● **EXERCISE BRIEF**: Starting at the line that contains "That's all for" and stopping at the line that contains "The first thing", restate each line of the records below exactly. Omit the pictures.

● **ENTRIES PROVIDED**:

************

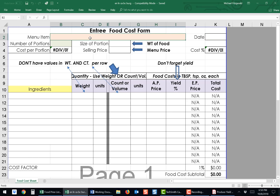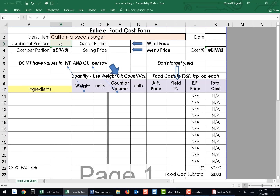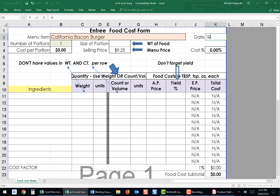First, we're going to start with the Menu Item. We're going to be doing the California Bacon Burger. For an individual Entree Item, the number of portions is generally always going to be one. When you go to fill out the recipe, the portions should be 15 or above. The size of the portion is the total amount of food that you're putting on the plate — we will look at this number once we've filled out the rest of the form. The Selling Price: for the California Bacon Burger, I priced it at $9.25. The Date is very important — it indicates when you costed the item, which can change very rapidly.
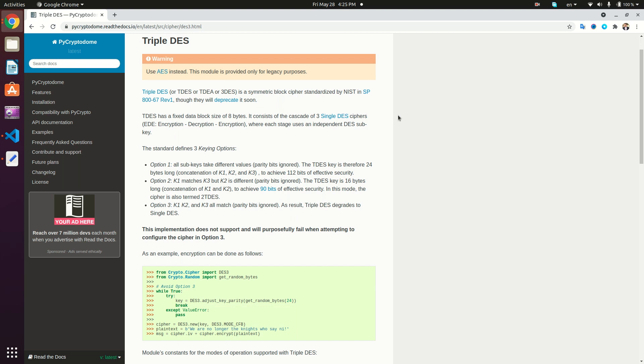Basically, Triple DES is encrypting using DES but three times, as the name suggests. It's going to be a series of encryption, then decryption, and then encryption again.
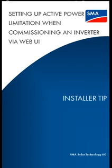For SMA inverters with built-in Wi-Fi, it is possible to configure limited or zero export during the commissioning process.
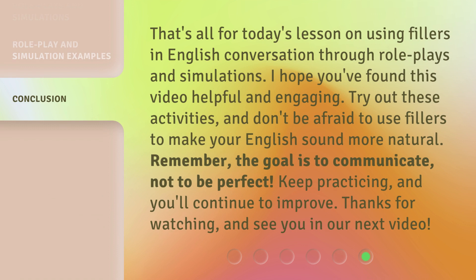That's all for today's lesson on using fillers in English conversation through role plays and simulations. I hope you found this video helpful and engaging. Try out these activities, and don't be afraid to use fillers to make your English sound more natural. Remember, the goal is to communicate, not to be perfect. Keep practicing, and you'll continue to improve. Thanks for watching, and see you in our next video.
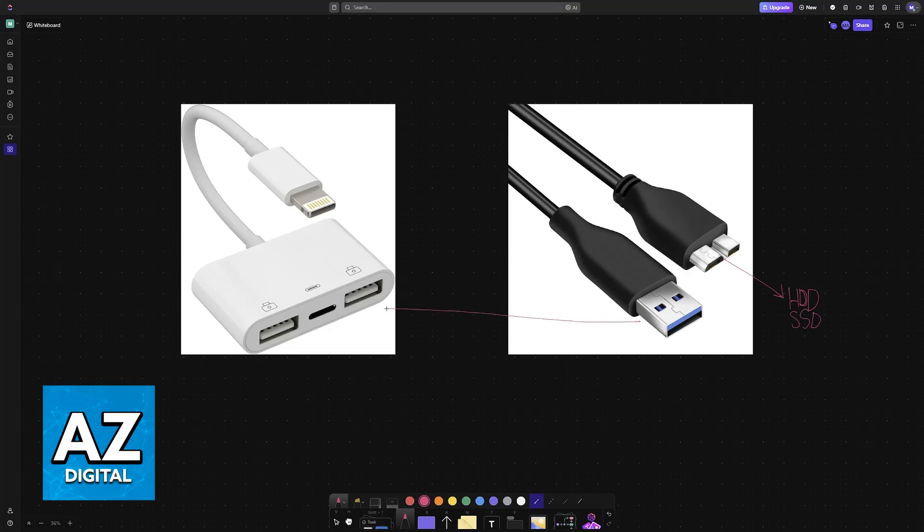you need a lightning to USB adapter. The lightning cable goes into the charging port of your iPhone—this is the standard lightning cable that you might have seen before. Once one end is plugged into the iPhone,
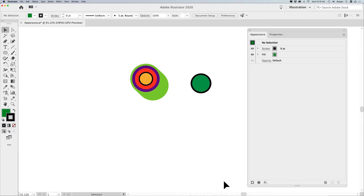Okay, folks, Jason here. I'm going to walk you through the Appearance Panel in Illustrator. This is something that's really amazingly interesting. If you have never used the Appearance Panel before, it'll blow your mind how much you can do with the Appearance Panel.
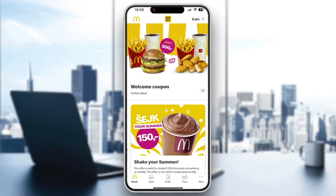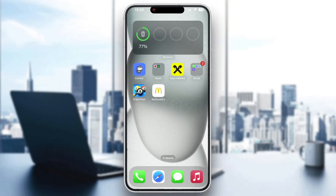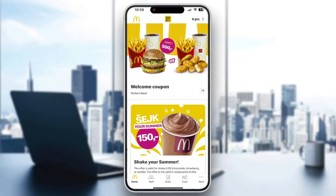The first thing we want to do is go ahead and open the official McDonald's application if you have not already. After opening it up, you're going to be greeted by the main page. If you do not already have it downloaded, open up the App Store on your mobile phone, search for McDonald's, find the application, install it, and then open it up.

************

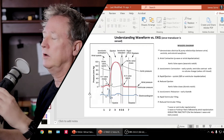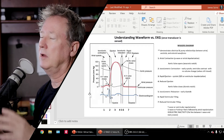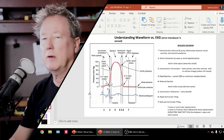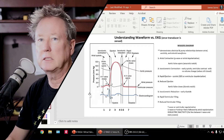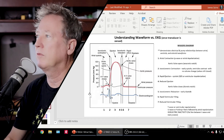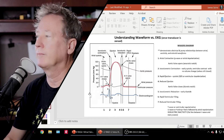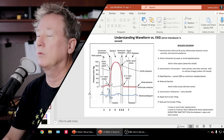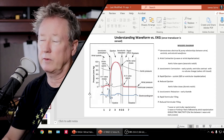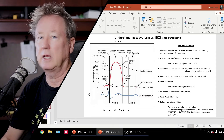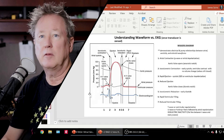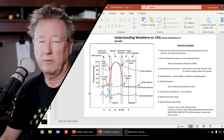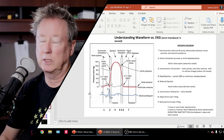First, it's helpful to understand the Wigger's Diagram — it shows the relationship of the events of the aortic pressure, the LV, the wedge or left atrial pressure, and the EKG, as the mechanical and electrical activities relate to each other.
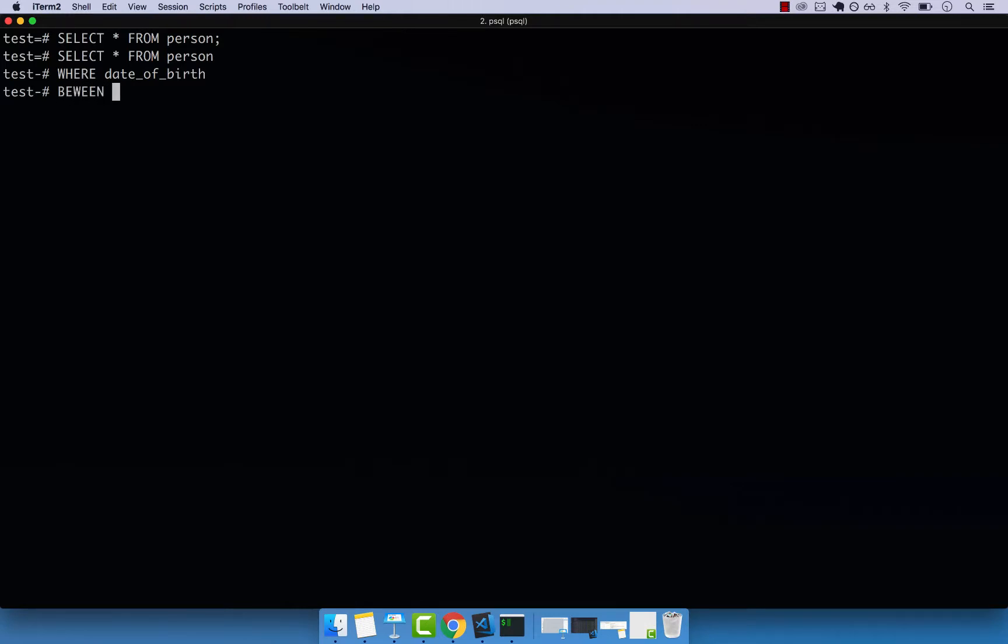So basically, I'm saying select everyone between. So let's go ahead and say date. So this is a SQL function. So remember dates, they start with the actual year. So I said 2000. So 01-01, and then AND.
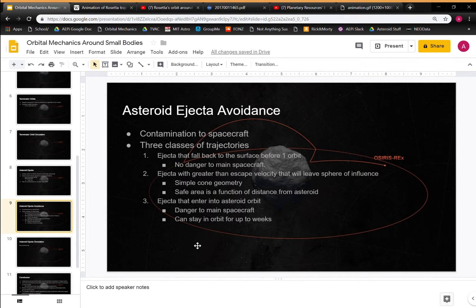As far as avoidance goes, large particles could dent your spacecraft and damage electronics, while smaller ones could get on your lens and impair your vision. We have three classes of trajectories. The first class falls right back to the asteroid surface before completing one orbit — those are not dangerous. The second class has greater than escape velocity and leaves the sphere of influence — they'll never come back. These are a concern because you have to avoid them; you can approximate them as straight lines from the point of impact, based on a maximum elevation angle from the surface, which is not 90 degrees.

************

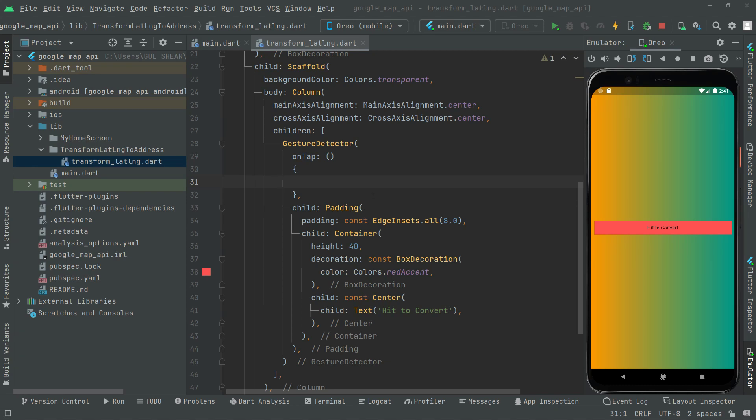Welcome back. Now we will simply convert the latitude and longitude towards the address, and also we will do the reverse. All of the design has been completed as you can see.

************

● **SOLUTION TO THIS EXERCISE**:
That's all for today's lesson on using fillers in English conversation through role plays and simulations. I hope you found this video helpful and engaging. Try out these activities, and don't be afraid to use fillers to make your English sound more natural. Remember, the goal is to communicate, not to be perfect. Keep practicing, and you'll continue to improve. Thanks for watching, and see you in our next video.
you need a lightning to USB adapter. The lightning cable goes into the charging port of your iPhone—this is the standard lightning cable that you might have seen before. Once one end is plugged into the iPhone,
Okay, folks, Jason here. I'm going to walk you through the Appearance Panel in Illustrator. This is something that's really amazingly interesting. If you have never used the Appearance Panel before, it'll blow your mind how much you can do with the Appearance Panel.
The first thing we want to do is go ahead and open the official McDonald's application if you have not already. After opening it up, you're going to be greeted by the main page. If you do not already have it downloaded, open up the App Store on your mobile phone, search for McDonald's, find the application, install it, and then open it up.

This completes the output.